The quality of life of IBS-D or FD patients is generally not high that has been demonstrated [51]. Also, the consistency of stool in patients with IBS-D or FD is between type 5 and type 7 on the Bristol stool scale [52]. Among them, abdominal pain is the main diagnostic standard of IBS-D, while FD is mainly diagnosed by excluding the possibility of other diseases [53]. The prevalence of FD and IBS-D in China is 1.72% and 1.54%, respectively [54]. Despite conventional drugs that can temporarily alleviate symptoms, many patients still suffer from the IBS-D or FD, and the recurrence rate was as high as 40% after 3 months. It has been reported that approximately 60.1% of the drug treatment patients stop taking drugs on their own due to the lack of obvious symptom improvement [55, 56]. At present, the etiology and pathogenesis of IBS-D or FD are not clear, but there is growing evidence that pathogenic factors may be related to inflammation, central nervous system disorders, and brain-gut interaction [57]. Serum vasoactive intestinal peptide (VIP) is a neurotransmitter that inhibits gastrointestinal motility and promotes the secretion of intestinal water and electrolytes [58]. 5-hydroxytryptamine (5-HT) as a neurotransmitter also widely exists in the central nervous system and gastrointestinal tract and can regulate gastrointestinal function [59, 60]. Acupuncture, as an alternative therapy for a variety of diseases [61–63], may have achieved the effect of treating IBS-D and FD by regulating nerve-related functions [64]. From the studies included in this review, we also found that acupuncture could improve clinical reports of VIP and 5-HT levels [31].
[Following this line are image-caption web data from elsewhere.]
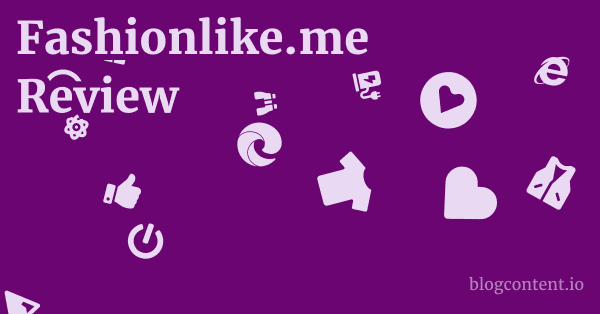 Fashionlike.me Review 1 by Partners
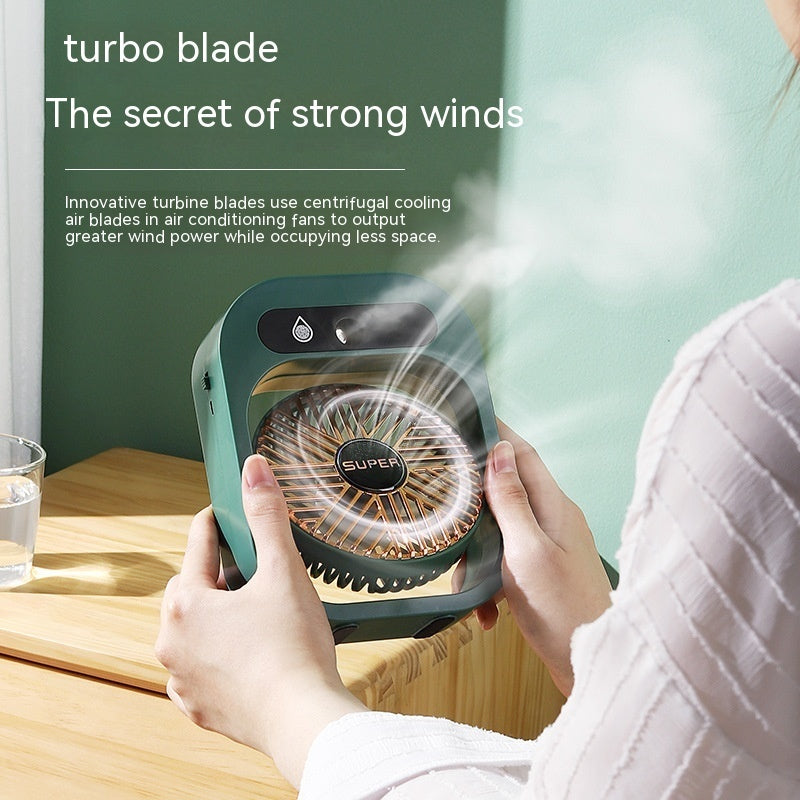 Sandsberg Rechargeable Table Fan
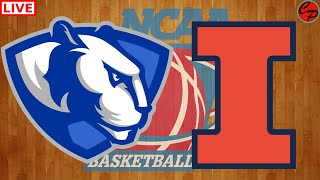 Eastern Illinois vs Illinois College Basketball Live Game Cast amp Audio [upl. by Searle]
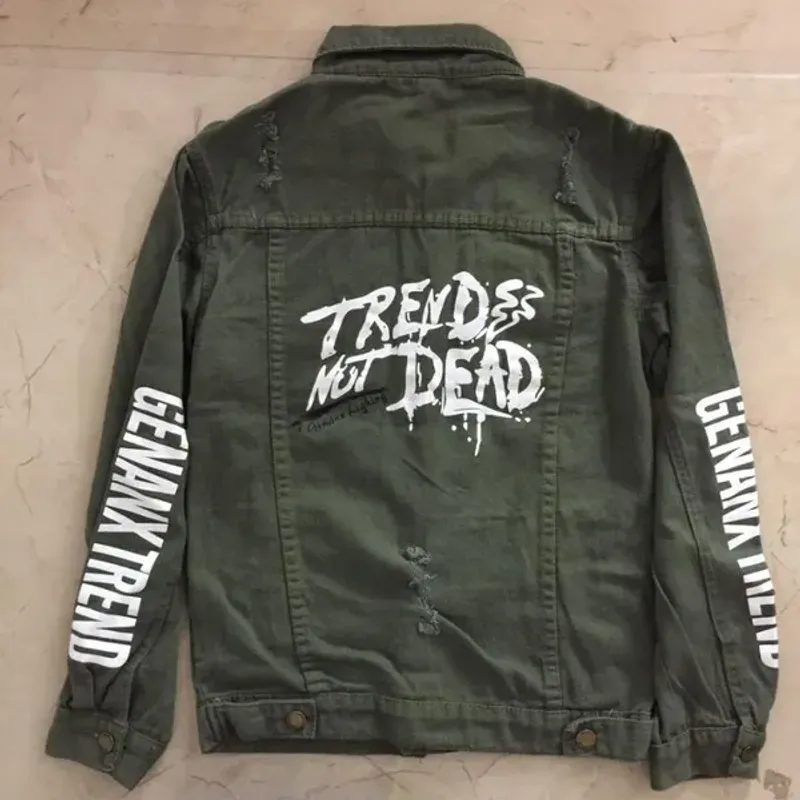 Männer Jacken Frühling 2022 Rot Rosa Schwarz Jeans Jacke Männer Slim Streetwear Ripped Denim Hoodie Hip Hop Bomber Homme_voghion.com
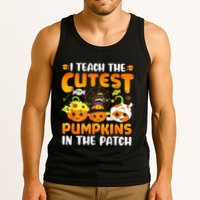 I Teach The Cutest Pumpkins In The Patch Halloween Spooky Tank Top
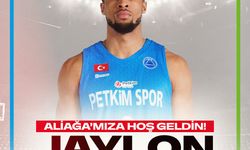 Aliağa Petkimspor liderlik için Yunanistan'da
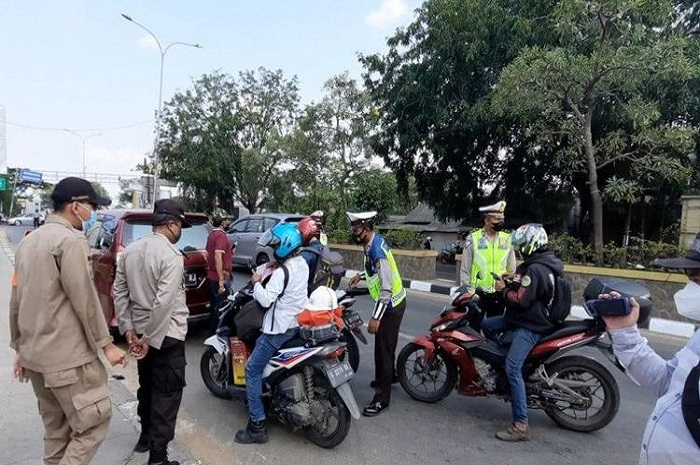 Ilustrasi mudik lokal.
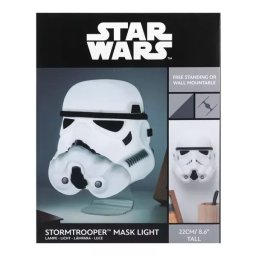 Star Wars: Lampă 3D cu mască Stormtrooper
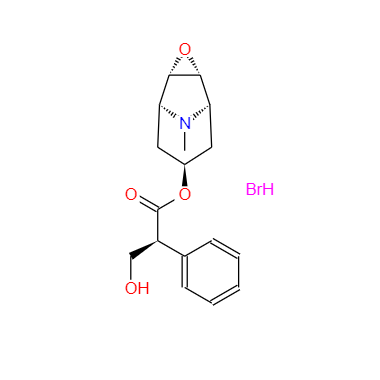 CAS：114-49-8，东莨菪碱氢溴酸盐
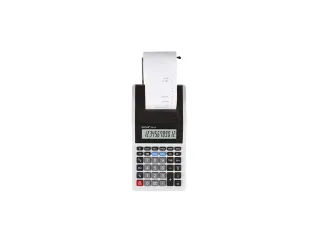 Calculator Rebell-PDC10-WB wit-zwart print - 3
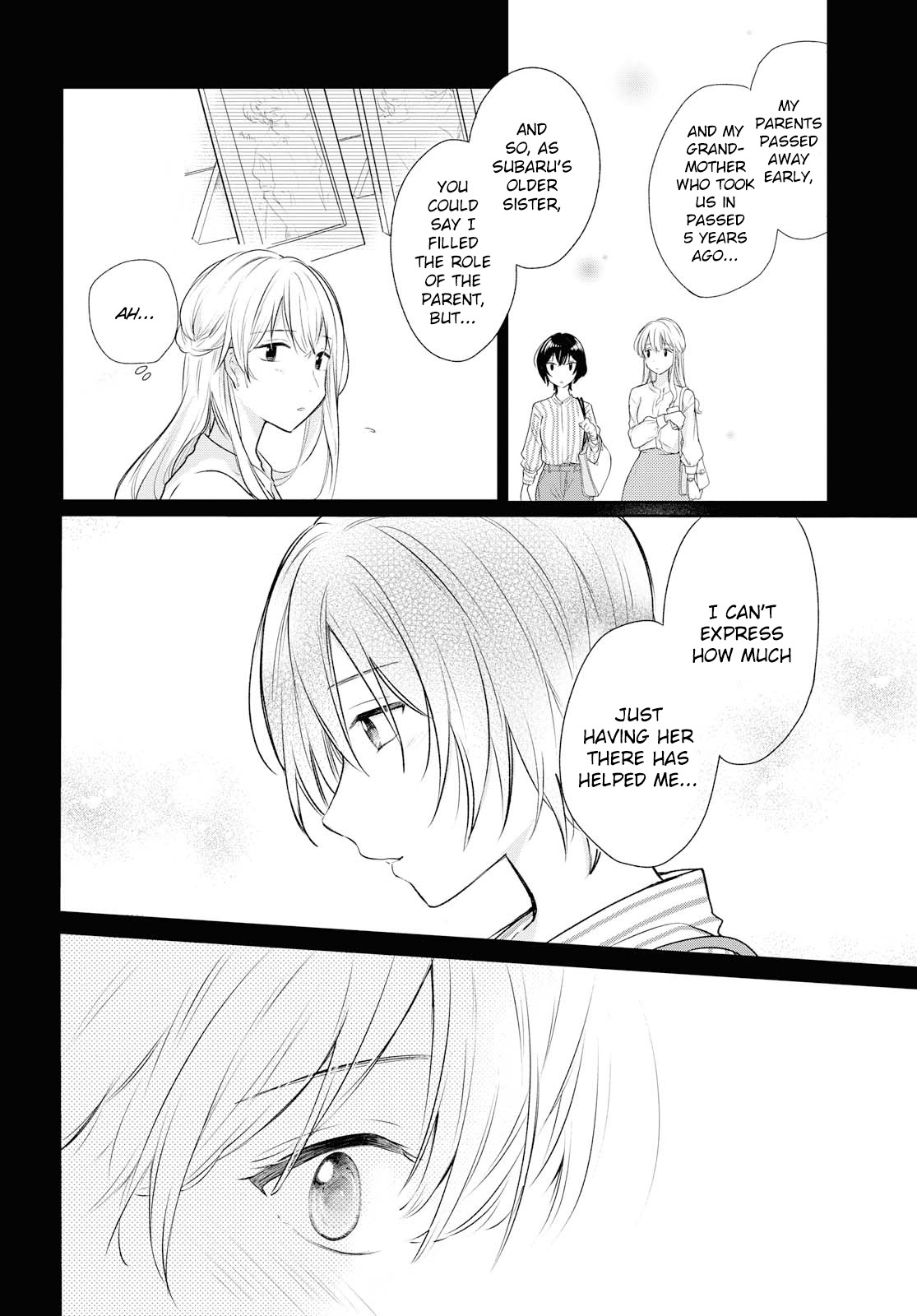 Crescent Moon and Doughnuts Chapter 6 page 24 - Chapter 6: The Other Side of the Moon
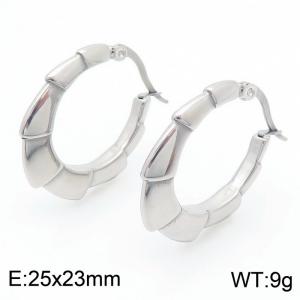 Stainless Steel Earring - KE112948-MZOZ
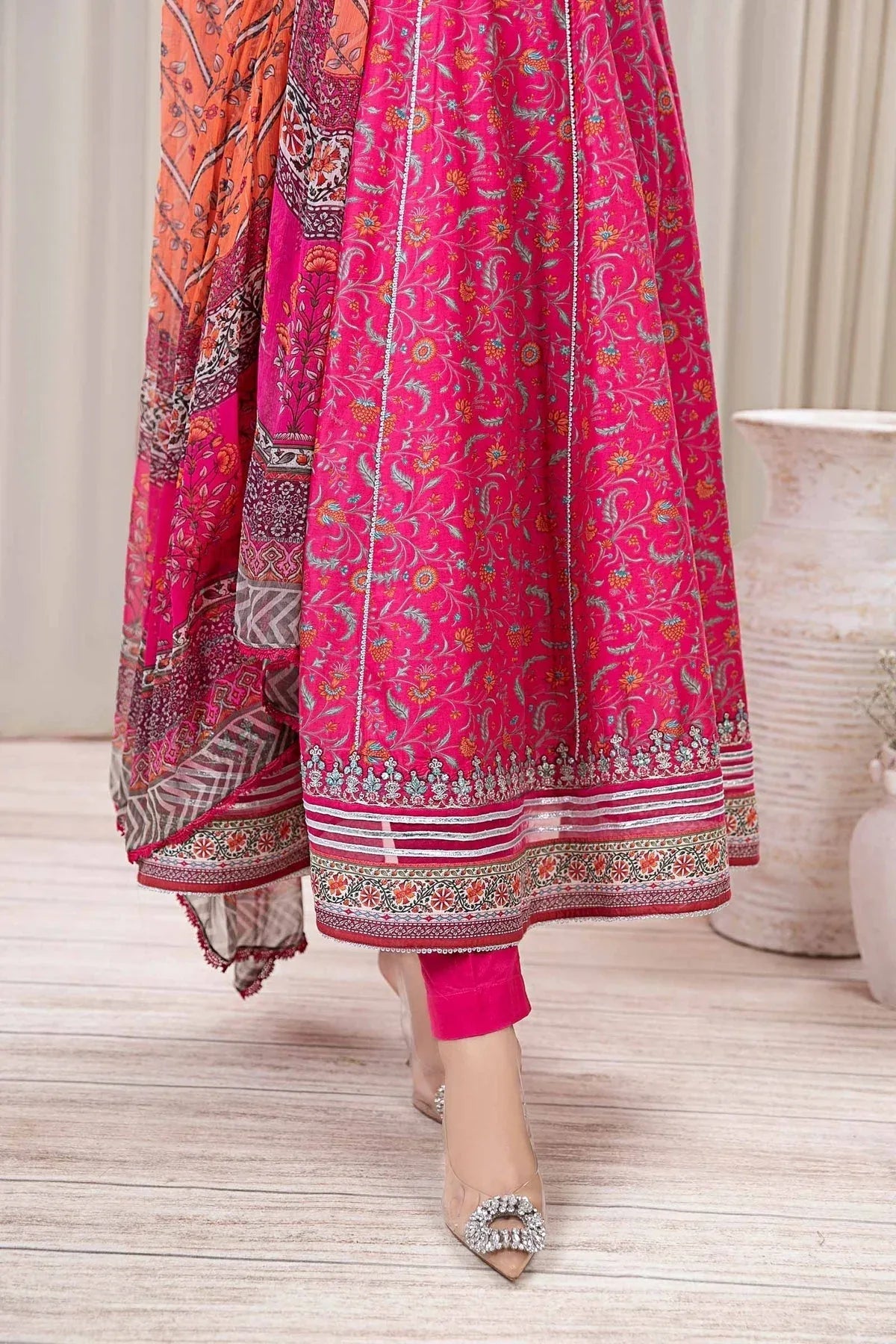 Maria B | Casual Pret 2024 | DW-EF24-50 - Aqsa Fabrics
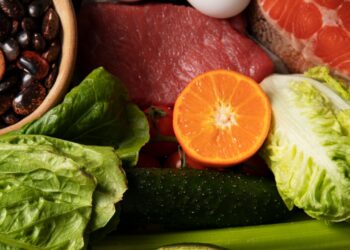 alimentos para queda de cabelo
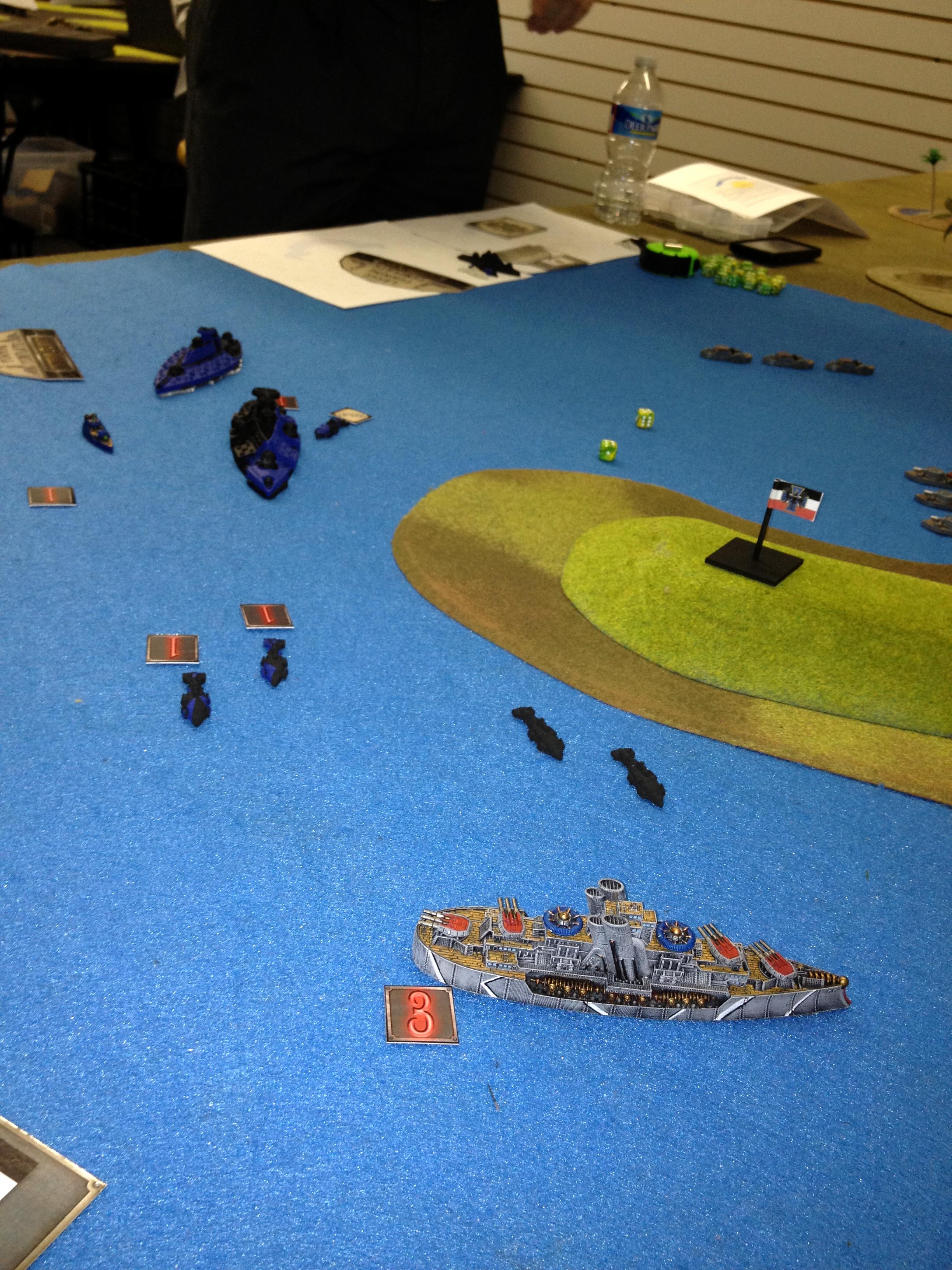 Dystopian Wars, Spartan Games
According to the risk of bias summary and graph, the overall quality of our study is still low. Many studies were regarded as unclear risk of bias in terms of selection bias, performance bias, detection bias, and other bias. Incomplete outcome data in some studies led to a high bias, and we tried to contact authors but got no available datum. The inconsistent diagnostic standards of some studies may lead to the nonstandard diagnosis of FD and IBS-D. Only six studies [22, 32, 34, 48, 50] describe randomized methods and use blinding methods. The remaining studies do not specifically describe randomized or blind treatment methods, which could cause selection bias under the subjective choice of subjects or researchers. And most studies lacked the group of sham acupuncture, and only one study selected the acupuncture plus dicetel compared with sham acupuncture plus dicetel. So, the results of this study were merely a comparison between acupuncture and western medicine, and studies of sham acupuncture groups are still needed. Sensitivity analysis revealed the form of acupuncture, the method of scale scoring, the difference of acupuncture points, and the difference of oral medication in the control group that could be the sources of heterogeneity. In this study, electroacupuncture, warm acupuncture, and eye acupuncture were regarded as the same intervention, even the difference of acupuncture points was hard to keep consistent. Besides, in the clinic, different forms of acupuncture may have different stimulation and patient receptivity. So, potential biases could affect the accuracy of some results. Although our results avoided the high heterogeneity through removed some studies, the reduction in the number of patients affected the quality of the results.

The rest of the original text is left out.